Question

Note: This is NOT a question. This is a tutorial

How to take the derivative of a function? See comment below for a tutorial on the basic rules on derivatives!

Answer 1

Differential Calculus Basics.

Taking the derivative of a function is easy, if you know what to do. There are some rules in derivatives. (Note: these rules are not the official names. I am calling them names based on how they are used for the convenience of the tutorial)

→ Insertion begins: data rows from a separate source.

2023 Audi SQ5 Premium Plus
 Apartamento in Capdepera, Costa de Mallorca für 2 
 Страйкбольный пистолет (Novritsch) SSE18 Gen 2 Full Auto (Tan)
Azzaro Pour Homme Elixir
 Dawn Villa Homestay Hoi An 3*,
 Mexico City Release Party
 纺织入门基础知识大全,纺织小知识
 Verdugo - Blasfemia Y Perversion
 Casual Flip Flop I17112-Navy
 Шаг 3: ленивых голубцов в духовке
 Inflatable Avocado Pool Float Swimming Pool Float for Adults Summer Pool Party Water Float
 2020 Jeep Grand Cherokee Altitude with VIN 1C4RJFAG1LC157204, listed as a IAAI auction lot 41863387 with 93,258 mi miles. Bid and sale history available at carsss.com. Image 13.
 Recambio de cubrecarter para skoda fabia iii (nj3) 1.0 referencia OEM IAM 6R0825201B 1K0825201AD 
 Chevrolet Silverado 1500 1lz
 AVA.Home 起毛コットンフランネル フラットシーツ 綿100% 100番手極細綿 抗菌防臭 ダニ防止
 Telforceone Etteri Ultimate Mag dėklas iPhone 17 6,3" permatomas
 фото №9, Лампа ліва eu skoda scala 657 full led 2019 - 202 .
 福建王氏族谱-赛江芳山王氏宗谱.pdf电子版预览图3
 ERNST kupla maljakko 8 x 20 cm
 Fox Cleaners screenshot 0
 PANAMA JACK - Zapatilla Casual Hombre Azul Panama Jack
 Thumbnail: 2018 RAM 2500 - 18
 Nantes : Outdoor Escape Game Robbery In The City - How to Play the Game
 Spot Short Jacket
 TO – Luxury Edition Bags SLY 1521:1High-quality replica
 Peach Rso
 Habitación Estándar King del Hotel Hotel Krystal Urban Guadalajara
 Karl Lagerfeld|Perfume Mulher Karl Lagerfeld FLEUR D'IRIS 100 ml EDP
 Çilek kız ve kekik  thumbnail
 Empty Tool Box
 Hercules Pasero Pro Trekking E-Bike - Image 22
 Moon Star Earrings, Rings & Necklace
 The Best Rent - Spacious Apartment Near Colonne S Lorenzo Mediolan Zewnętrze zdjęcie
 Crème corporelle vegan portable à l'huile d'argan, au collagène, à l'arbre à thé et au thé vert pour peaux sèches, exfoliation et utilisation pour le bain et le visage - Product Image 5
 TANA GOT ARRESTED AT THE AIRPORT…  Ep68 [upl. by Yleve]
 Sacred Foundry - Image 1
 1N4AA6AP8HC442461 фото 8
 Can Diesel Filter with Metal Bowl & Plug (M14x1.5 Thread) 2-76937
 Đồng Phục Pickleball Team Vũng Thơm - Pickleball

Rule #1: Constant Rule. The derivative of a constant (without any variables) is always zero. This means that the derivative of ALL positive, negative, and zero integers (i.e. -1, 1, 0) are all zero. Note that these numbers must NOT contain any variables so that their derivative will be zero. If they contain variables, then it is under another rule.

Rule #2: Single Variable Rule. The derivative of a single variable with 1 as the exponent is always 1. (i.e. derivative of x = 1).

Rule #3: Constant Multiple Rule. To take the derivative of the of a constant containing a variable, factor out the constant, then take the derivative of the variable. For example, to take the derivative of 3x, factor out 3 so it will be 3(x). Now take the derivative of the variable inside, which in this case is x. So it will be 3(derivative of x). From the previous rule, we know that the derivative of x is 1 so it will become 3(1) = 3.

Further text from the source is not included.